Defisit perdagangan Islandia menyusut menjadi ISK 56,6 miliar pada Mei 2026 dari ISK 63,1 miliar yang direvisi pada bulan yang sama tahun sebelumnya. Ekspor turun 11% tahun ke tahun menjadi ISK 71 miliar, terutama disebabkan oleh penurunan pengiriman produk pertanian (-36,3%), barang manufaktur (-17,0%), dan produk farmasi (-35,1%). Sementara itu, impor juga menurun 11% menjadi ISK 127,6 miliar, didorong oleh pengurangan pembelian barang modal (-28,5%), peralatan transportasi (-6,6%), dan bahan bakar serta pelumas selain produk minyak bumi (-41,3%).
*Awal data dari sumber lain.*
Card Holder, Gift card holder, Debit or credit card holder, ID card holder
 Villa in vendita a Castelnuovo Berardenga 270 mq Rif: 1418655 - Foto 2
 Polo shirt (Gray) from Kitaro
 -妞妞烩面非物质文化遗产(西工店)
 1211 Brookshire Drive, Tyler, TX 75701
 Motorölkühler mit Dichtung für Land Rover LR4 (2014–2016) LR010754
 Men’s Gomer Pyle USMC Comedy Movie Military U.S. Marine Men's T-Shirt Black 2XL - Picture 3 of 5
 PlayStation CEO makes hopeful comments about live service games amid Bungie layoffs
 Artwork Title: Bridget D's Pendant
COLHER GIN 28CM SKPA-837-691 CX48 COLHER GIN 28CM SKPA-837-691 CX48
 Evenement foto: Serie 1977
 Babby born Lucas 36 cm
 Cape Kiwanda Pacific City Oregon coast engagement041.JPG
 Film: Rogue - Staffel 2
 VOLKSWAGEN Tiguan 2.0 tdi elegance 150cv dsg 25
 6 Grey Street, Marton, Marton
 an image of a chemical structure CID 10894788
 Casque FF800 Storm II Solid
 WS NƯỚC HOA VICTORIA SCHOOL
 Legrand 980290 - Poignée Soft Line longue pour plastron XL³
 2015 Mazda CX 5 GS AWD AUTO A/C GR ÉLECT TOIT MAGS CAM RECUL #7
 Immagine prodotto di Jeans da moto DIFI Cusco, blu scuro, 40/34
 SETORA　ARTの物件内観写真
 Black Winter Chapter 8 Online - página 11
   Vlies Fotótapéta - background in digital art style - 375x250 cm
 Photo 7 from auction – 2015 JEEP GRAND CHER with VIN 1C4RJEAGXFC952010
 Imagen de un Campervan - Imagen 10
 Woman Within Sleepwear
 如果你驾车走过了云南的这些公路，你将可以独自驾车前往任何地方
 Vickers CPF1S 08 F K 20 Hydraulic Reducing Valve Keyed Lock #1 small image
Sebaliknya, impor makanan dan minuman meningkat sebesar 33,1%. Selama dua belas bulan terakhir, defisit perdagangan Islandia mencapai total ISK 426 miliar. Ekspor menurun 6%, sebagian besar mencerminkan penurunan 15% dalam barang manufaktur, yang menyumbang 48% dari total ekspor, sementara impor turun 9%, terutama disebabkan oleh penurunan pembelian barang modal dan pasokan industri.

Islandia mencatat defisit perdagangan sebesar 56598,30 juta ISK pada bulan Mei 2026. Neraca Perdagangan di Islandia rata-rata -4386,58 juta ISK dari 1960 hingga 2026, mencapai titik tertinggi sepanjang masa sebesar 21093 juta ISK pada bulan Desember 2008 dan titik terendah sebesar -65845,60 juta ISK pada bulan April 2026.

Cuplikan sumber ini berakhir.